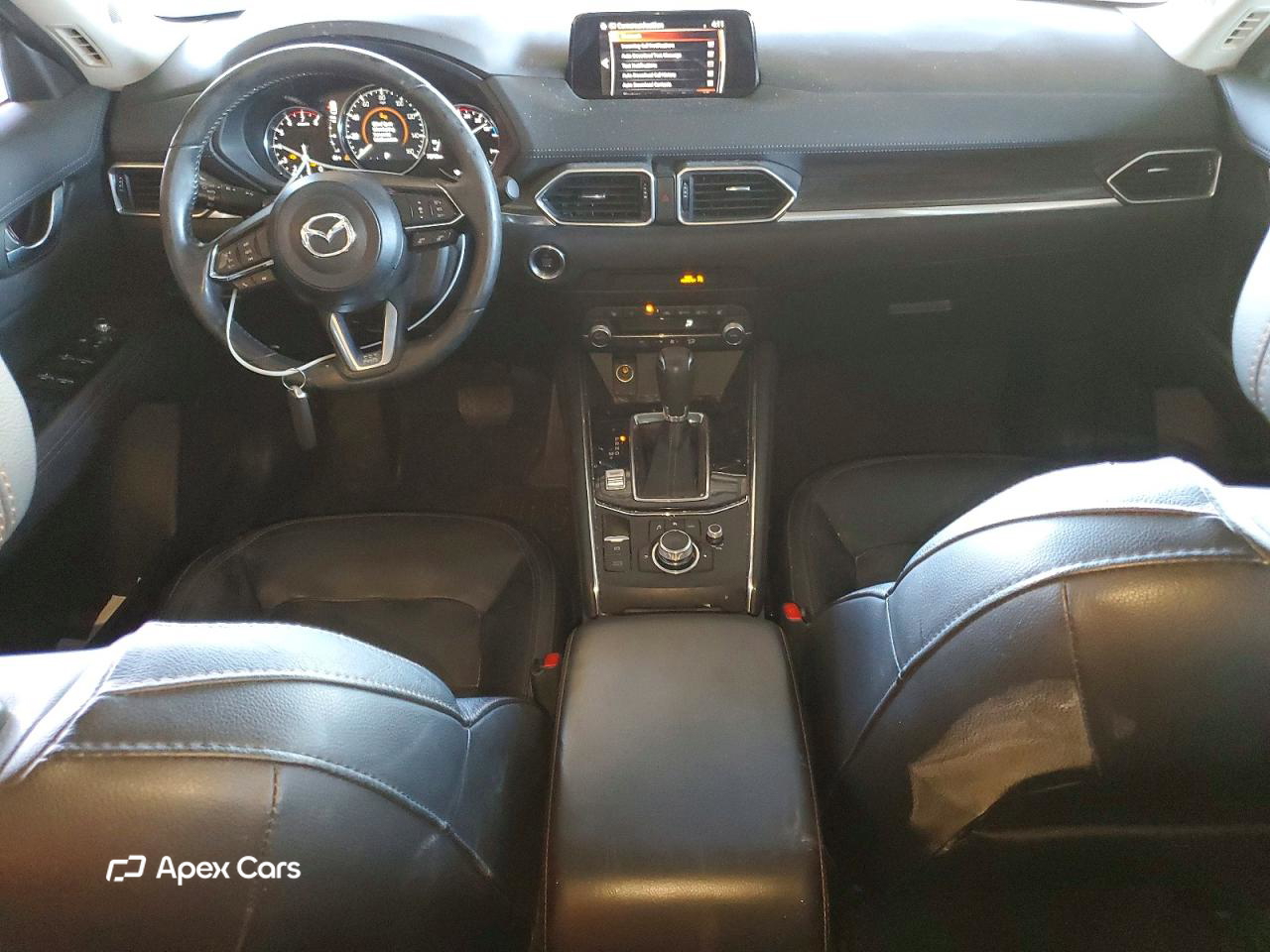 Mazda CX-5 2019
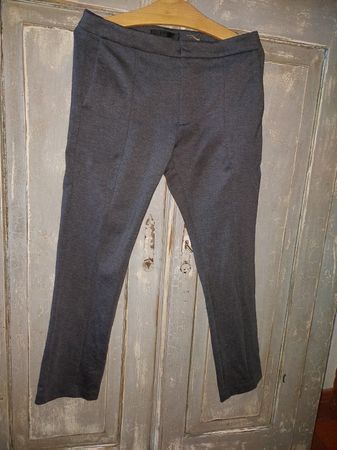 FFC . Rayon Hose grau 36
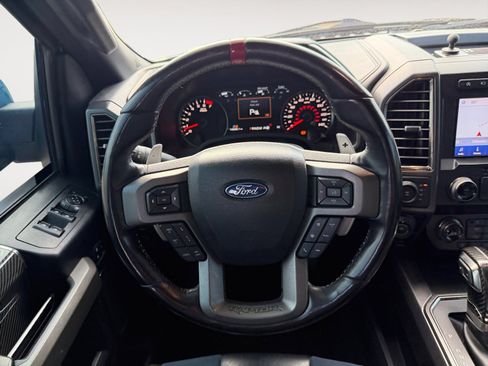 Used 2019 Ford F150 Raptor w/ Equipment Group 802A Luxury AWD/4WD image 6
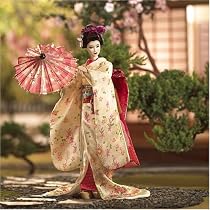バービー Maiko J0982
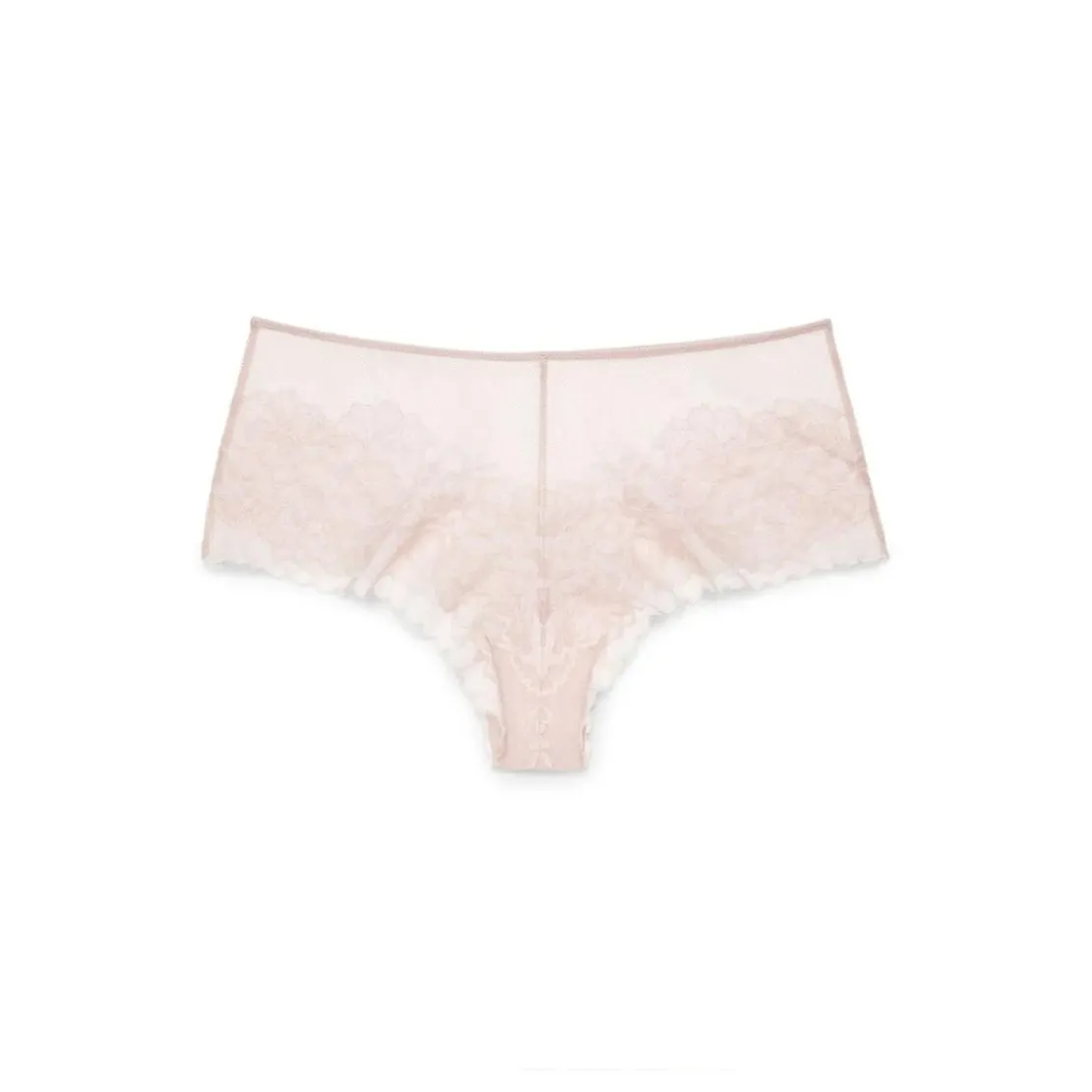 NatoriShorty - Natori Rose en nylon- Flora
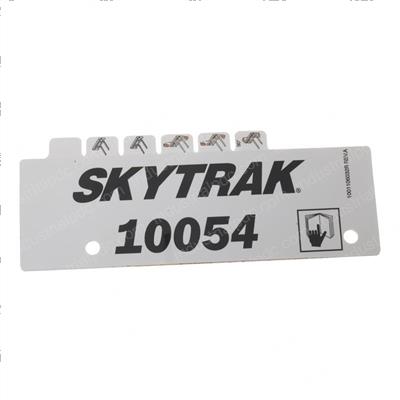 Picture of Load-Booklet 10054- Ansi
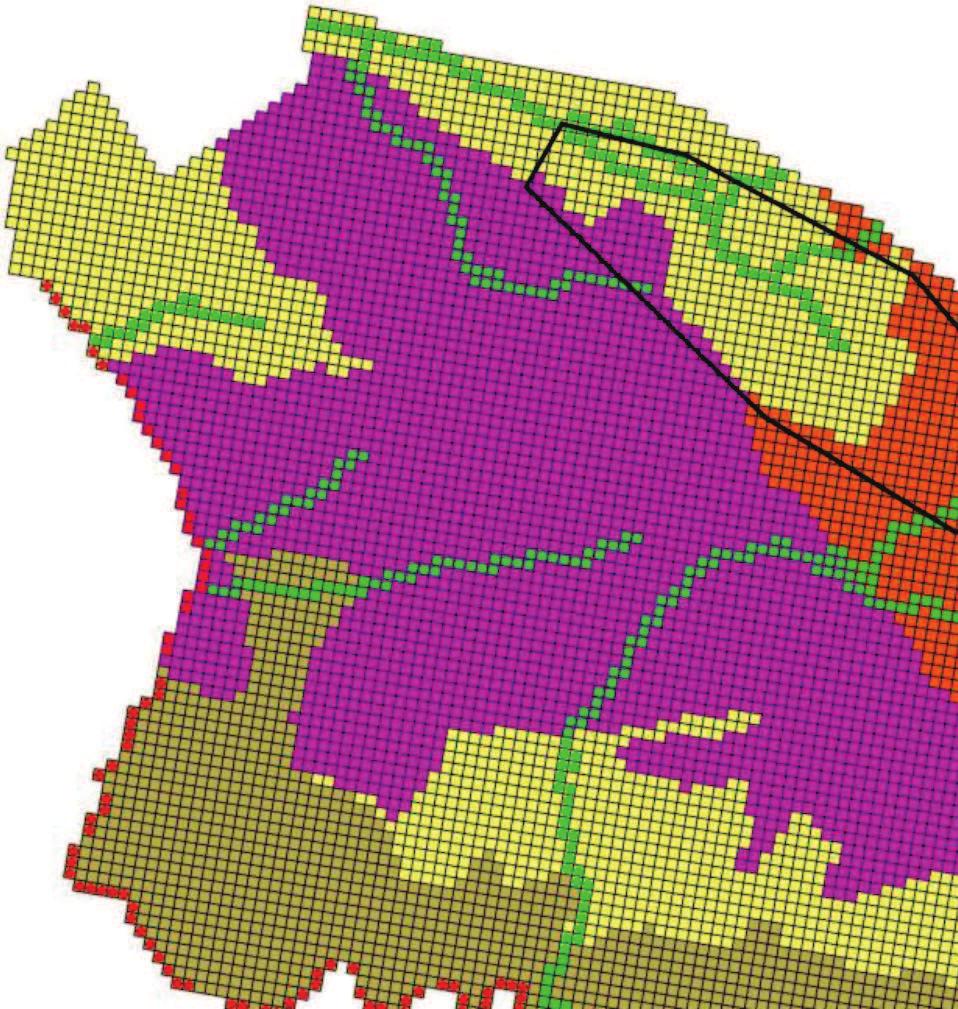 Mining and Environment 6. KONCEPCYJNY MODEL HYDROGEOLOGICZNY 6.1.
----------------
Every line from the one containing "Used 2019 Ford" through the end of the records is to be returned exactly, and those lines alone; pictures are dropped.

• _Exercise solution_
 Used 2019 Ford F150 Raptor w/ Equipment Group 802A Luxury AWD/4WD image 6
バービー Maiko J0982
 NatoriShorty - Natori Rose en nylon- Flora
 Picture of Load-Booklet 10054- Ansi
 Mining and Environment 6. KONCEPCYJNY MODEL HYDROGEOLOGICZNY 6.1.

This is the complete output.